- **EXERCISE BRIEF**
Your answer must be an exact transcription of every record below, with the pictures omitted.
*** Begin section ***
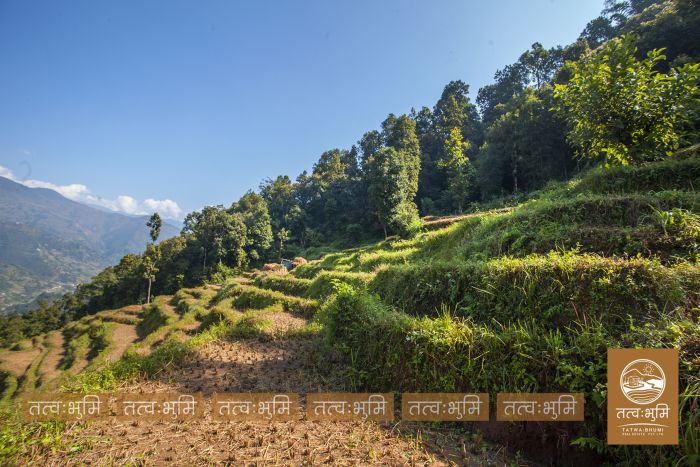35 Ropani land for sale Katheri, Nuwakot.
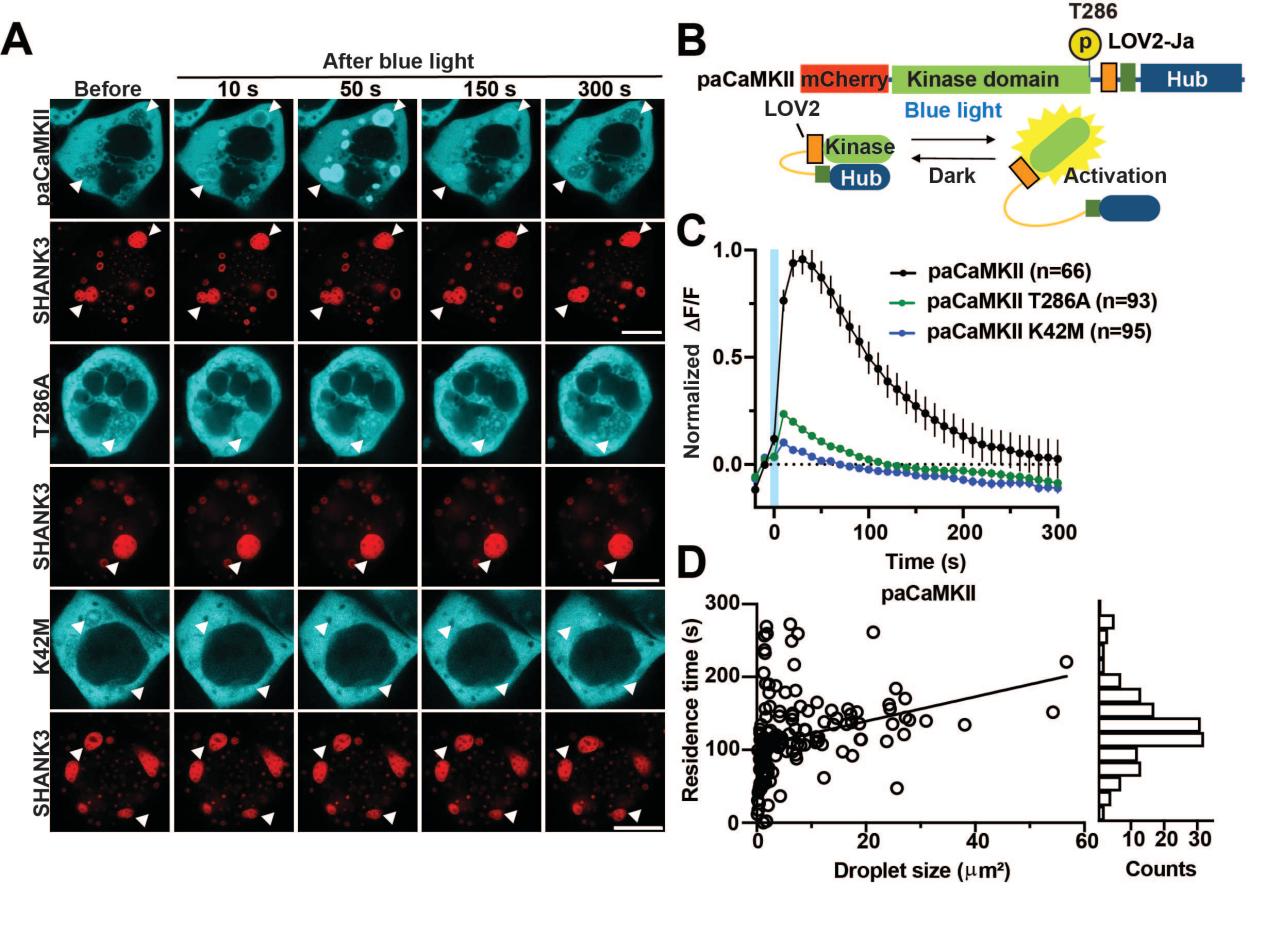 beat365在线体育app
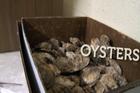 SOC Oysters
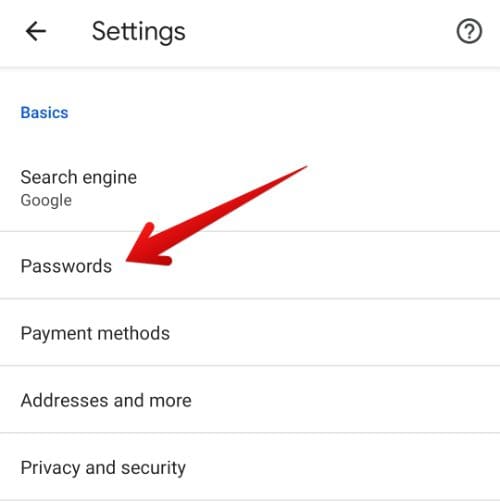 Passwords tab under basics section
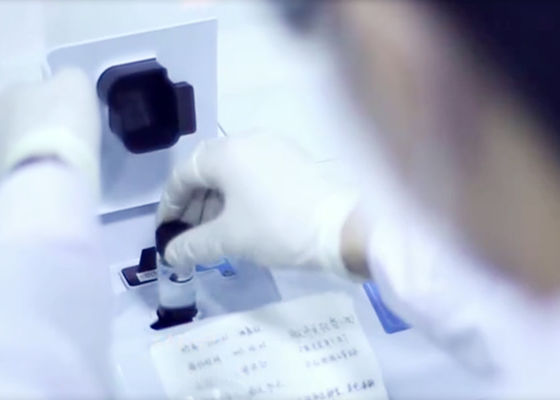 CAS NO.156028-26-1 1.6.7.12-tetrachloro-3.4.9.10-tetra 안하이드라이드페릴렌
*** End section ***
- **OUTPUT FOR THIS TASK**
35 Ropani land for sale Katheri, Nuwakot.
 beat365在线体育app
 SOC Oysters
 Passwords tab under basics section
 CAS NO.156028-26-1 1.6.7.12-tetrachloro-3.4.9.10-tetra 안하이드라이드페릴렌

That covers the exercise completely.